Write out the listing exactly as it is given.

┏━━

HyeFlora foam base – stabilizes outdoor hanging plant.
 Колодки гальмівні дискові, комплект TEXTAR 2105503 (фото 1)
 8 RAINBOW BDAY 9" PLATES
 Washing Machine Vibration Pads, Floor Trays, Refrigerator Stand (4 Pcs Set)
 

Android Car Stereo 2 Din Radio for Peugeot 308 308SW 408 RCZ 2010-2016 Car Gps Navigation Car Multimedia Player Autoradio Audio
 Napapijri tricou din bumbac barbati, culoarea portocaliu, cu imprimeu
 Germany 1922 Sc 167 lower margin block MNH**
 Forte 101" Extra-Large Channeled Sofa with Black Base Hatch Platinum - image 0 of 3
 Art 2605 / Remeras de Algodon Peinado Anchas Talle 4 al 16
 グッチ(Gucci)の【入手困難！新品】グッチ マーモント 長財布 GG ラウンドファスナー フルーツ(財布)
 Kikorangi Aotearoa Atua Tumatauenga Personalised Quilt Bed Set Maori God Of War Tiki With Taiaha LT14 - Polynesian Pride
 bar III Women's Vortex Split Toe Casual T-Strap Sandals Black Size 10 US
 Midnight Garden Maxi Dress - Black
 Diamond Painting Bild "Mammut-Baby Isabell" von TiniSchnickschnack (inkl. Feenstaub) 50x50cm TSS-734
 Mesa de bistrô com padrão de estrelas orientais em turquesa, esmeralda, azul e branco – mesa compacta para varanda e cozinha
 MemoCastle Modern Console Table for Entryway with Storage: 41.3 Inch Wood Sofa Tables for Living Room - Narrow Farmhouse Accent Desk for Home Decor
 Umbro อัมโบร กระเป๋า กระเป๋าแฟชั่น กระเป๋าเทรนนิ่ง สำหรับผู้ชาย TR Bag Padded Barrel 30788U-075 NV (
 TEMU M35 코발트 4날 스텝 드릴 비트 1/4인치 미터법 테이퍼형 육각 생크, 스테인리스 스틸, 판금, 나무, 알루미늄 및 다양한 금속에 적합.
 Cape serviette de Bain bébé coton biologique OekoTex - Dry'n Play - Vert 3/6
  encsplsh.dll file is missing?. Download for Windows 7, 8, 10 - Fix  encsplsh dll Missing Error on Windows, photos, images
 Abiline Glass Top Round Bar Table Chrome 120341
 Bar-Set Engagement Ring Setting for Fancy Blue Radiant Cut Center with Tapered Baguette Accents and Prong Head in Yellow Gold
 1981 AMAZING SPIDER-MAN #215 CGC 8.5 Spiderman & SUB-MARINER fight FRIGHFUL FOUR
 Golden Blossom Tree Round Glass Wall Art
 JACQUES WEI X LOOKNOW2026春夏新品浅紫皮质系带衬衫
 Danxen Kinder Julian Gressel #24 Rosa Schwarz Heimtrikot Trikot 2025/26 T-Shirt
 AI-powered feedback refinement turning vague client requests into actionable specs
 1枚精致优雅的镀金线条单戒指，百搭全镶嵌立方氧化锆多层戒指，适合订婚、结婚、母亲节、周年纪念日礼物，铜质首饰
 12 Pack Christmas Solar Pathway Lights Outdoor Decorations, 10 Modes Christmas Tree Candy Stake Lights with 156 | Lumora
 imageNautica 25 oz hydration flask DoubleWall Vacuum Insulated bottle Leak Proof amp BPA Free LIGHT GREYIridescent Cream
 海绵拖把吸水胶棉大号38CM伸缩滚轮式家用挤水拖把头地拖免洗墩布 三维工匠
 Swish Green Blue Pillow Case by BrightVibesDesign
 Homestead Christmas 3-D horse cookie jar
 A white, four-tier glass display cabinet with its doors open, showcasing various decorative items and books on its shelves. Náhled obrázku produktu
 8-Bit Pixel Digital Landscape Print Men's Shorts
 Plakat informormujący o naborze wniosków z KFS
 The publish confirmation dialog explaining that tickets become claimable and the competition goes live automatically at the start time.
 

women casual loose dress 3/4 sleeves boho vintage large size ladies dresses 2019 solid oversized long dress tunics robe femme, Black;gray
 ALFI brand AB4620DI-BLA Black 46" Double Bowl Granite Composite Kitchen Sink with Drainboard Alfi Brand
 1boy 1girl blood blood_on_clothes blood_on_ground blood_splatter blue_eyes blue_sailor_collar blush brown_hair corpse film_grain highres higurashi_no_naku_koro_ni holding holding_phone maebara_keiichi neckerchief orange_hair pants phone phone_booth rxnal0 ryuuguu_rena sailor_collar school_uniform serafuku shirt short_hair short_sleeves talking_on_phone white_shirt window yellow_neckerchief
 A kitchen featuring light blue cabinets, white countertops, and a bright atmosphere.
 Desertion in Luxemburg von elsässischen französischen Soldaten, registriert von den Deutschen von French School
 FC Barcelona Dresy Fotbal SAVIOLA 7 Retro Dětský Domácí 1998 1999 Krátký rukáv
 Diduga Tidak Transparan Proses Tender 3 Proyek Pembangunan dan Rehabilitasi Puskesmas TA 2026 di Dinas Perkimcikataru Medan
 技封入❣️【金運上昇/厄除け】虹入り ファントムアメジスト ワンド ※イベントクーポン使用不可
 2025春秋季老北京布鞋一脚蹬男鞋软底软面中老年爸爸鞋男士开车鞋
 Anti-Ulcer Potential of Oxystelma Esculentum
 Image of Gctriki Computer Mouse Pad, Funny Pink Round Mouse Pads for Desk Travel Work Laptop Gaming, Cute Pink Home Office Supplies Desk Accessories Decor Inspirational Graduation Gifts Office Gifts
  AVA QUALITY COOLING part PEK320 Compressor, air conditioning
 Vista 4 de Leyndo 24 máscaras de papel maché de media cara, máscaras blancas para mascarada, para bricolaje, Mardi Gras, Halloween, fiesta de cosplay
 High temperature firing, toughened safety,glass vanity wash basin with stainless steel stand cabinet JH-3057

┗━━

#### Task solution
HyeFlora foam base – stabilizes outdoor hanging plant.
 Колодки гальмівні дискові, комплект TEXTAR 2105503 (фото 1)
 8 RAINBOW BDAY 9" PLATES
 Washing Machine Vibration Pads, Floor Trays, Refrigerator Stand (4 Pcs Set)
 

Android Car Stereo 2 Din Radio for Peugeot 308 308SW 408 RCZ 2010-2016 Car Gps Navigation Car Multimedia Player Autoradio Audio
 Napapijri tricou din bumbac barbati, culoarea portocaliu, cu imprimeu
 Germany 1922 Sc 167 lower margin block MNH**
 Forte 101" Extra-Large Channeled Sofa with Black Base Hatch Platinum - image 0 of 3
 Art 2605 / Remeras de Algodon Peinado Anchas Talle 4 al 16
 グッチ(Gucci)の【入手困難！新品】グッチ マーモント 長財布 GG ラウンドファスナー フルーツ(財布)
 Kikorangi Aotearoa Atua Tumatauenga Personalised Quilt Bed Set Maori God Of War Tiki With Taiaha LT14 - Polynesian Pride
 bar III Women's Vortex Split Toe Casual T-Strap Sandals Black Size 10 US
 Midnight Garden Maxi Dress - Black
 Diamond Painting Bild "Mammut-Baby Isabell" von TiniSchnickschnack (inkl. Feenstaub) 50x50cm TSS-734
 Mesa de bistrô com padrão de estrelas orientais em turquesa, esmeralda, azul e branco – mesa compacta para varanda e cozinha
 MemoCastle Modern Console Table for Entryway with Storage: 41.3 Inch Wood Sofa Tables for Living Room - Narrow Farmhouse Accent Desk for Home Decor
 Umbro อัมโบร กระเป๋า กระเป๋าแฟชั่น กระเป๋าเทรนนิ่ง สำหรับผู้ชาย TR Bag Padded Barrel 30788U-075 NV (
 TEMU M35 코발트 4날 스텝 드릴 비트 1/4인치 미터법 테이퍼형 육각 생크, 스테인리스 스틸, 판금, 나무, 알루미늄 및 다양한 금속에 적합.
 Cape serviette de Bain bébé coton biologique OekoTex - Dry'n Play - Vert 3/6
  encsplsh.dll file is missing?. Download for Windows 7, 8, 10 - Fix  encsplsh dll Missing Error on Windows, photos, images
 Abiline Glass Top Round Bar Table Chrome 120341
 Bar-Set Engagement Ring Setting for Fancy Blue Radiant Cut Center with Tapered Baguette Accents and Prong Head in Yellow Gold
 1981 AMAZING SPIDER-MAN #215 CGC 8.5 Spiderman & SUB-MARINER fight FRIGHFUL FOUR
 Golden Blossom Tree Round Glass Wall Art
 JACQUES WEI X LOOKNOW2026春夏新品浅紫皮质系带衬衫
 Danxen Kinder Julian Gressel #24 Rosa Schwarz Heimtrikot Trikot 2025/26 T-Shirt
 AI-powered feedback refinement turning vague client requests into actionable specs
 1枚精致优雅的镀金线条单戒指，百搭全镶嵌立方氧化锆多层戒指，适合订婚、结婚、母亲节、周年纪念日礼物，铜质首饰
 12 Pack Christmas Solar Pathway Lights Outdoor Decorations, 10 Modes Christmas Tree Candy Stake Lights with 156 | Lumora
 imageNautica 25 oz hydration flask DoubleWall Vacuum Insulated bottle Leak Proof amp BPA Free LIGHT GREYIridescent Cream
 海绵拖把吸水胶棉大号38CM伸缩滚轮式家用挤水拖把头地拖免洗墩布 三维工匠
 Swish Green Blue Pillow Case by BrightVibesDesign
 Homestead Christmas 3-D horse cookie jar
 A white, four-tier glass display cabinet with its doors open, showcasing various decorative items and books on its shelves. Náhled obrázku produktu
 8-Bit Pixel Digital Landscape Print Men's Shorts
 Plakat informormujący o naborze wniosków z KFS
 The publish confirmation dialog explaining that tickets become claimable and the competition goes live automatically at the start time.
 

women casual loose dress 3/4 sleeves boho vintage large size ladies dresses 2019 solid oversized long dress tunics robe femme, Black;gray
 ALFI brand AB4620DI-BLA Black 46" Double Bowl Granite Composite Kitchen Sink with Drainboard Alfi Brand
 1boy 1girl blood blood_on_clothes blood_on_ground blood_splatter blue_eyes blue_sailor_collar blush brown_hair corpse film_grain highres higurashi_no_naku_koro_ni holding holding_phone maebara_keiichi neckerchief orange_hair pants phone phone_booth rxnal0 ryuuguu_rena sailor_collar school_uniform serafuku shirt short_hair short_sleeves talking_on_phone white_shirt window yellow_neckerchief
 A kitchen featuring light blue cabinets, white countertops, and a bright atmosphere.
 Desertion in Luxemburg von elsässischen französischen Soldaten, registriert von den Deutschen von French School
 FC Barcelona Dresy Fotbal SAVIOLA 7 Retro Dětský Domácí 1998 1999 Krátký rukáv
 Diduga Tidak Transparan Proses Tender 3 Proyek Pembangunan dan Rehabilitasi Puskesmas TA 2026 di Dinas Perkimcikataru Medan
 技封入❣️【金運上昇/厄除け】虹入り ファントムアメジスト ワンド ※イベントクーポン使用不可
 2025春秋季老北京布鞋一脚蹬男鞋软底软面中老年爸爸鞋男士开车鞋
 Anti-Ulcer Potential of Oxystelma Esculentum
 Image of Gctriki Computer Mouse Pad, Funny Pink Round Mouse Pads for Desk Travel Work Laptop Gaming, Cute Pink Home Office Supplies Desk Accessories Decor Inspirational Graduation Gifts Office Gifts
  AVA QUALITY COOLING part PEK320 Compressor, air conditioning
 Vista 4 de Leyndo 24 máscaras de papel maché de media cara, máscaras blancas para mascarada, para bricolaje, Mardi Gras, Halloween, fiesta de cosplay
 High temperature firing, toughened safety,glass vanity wash basin with stainless steel stand cabinet JH-3057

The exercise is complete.